Préparez vos entreprises à la transparence salariale


Un article rédigé par :
Philippe HANCART- Associé – Directeur Transformations et Transitions Professionnelles – Sémaphores – in
La directive européenne sur la transparence des rémunérations, adoptée en mars 2023, marque une étape cruciale dans la lutte contre les inégalités salariales entre les hommes et les femmes. Cette directive, qui doit être transposée en droit français d’ici juin 2026, impose aux entreprises de nouvelles obligations visant à garantir une plus grande transparence et équité dans les politiques de rémunération.
Contexte et objectifs de la directive
La directive européenne sur la transparence des rémunérations a été motivée par le constat persistant des inégalités salariales au sein de l’Union européenne. Selon les chiffres d’Eurostat, en 2023, les femmes gagnaient en moyenne 13 % de moins que les hommes pour un travail équivalent. En France, en 2024, l’Insee mesurait un écart salarial annuel dans le secteur privé de 14,9% également à temps de travail équivalent. Cette directive vise donc à pallier le manque de transparence qui empêche souvent encore de réduire la discrimination salariale envers les femmes.
Les principaux objectifs de la directive sont au nombre de trois :
- Renforcer l’égalité de rémunération entre les hommes et les femmes pour un même travail ou un travail de valeur égale et ce, selon une acception large de la notion de rémunération en ne se limitant pas au salaire de base, mais à l’ensemble des compléments et accessoires de salaire ;
- Interdire toute discrimination directe ou indirecte en matière de rémunération fondée sur le sexe ;
- Améliorer la transparence des rémunérations et l’application du droit à l’égalité des rémunérations en fixant notamment un droit individuel à l’information opposable à l’employeur.

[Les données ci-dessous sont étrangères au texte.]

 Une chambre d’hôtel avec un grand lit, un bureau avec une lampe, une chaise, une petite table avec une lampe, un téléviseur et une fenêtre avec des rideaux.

Zoom sur les principales dispositions de la directive
La directive impose plusieurs mesures clés aux employeurs des secteurs public et privé :
- Droit à l’information : Les travailleurs ont le droit de demander des informations sur leur niveau de rémunération individuel et les niveaux de rémunération moyens, ventilés par sexe, pour les catégories de travailleurs accomplissant le même travail.
- Transparence lors du recrutement : Les employeurs doivent informer les candidats du salaire de départ ou de la fourchette de rémunération initiale des postes publiés. Ils ne peuvent pas interroger les candidats sur leur historique de rémunération. Objectif : éviter le biais dit de « négociation ».
- Publication des écarts de rémunération : Les entreprises doivent publier les écarts de rémunération entre les hommes et les femmes et prendre des mesures correctives en cas d’écart supérieur à 5 %.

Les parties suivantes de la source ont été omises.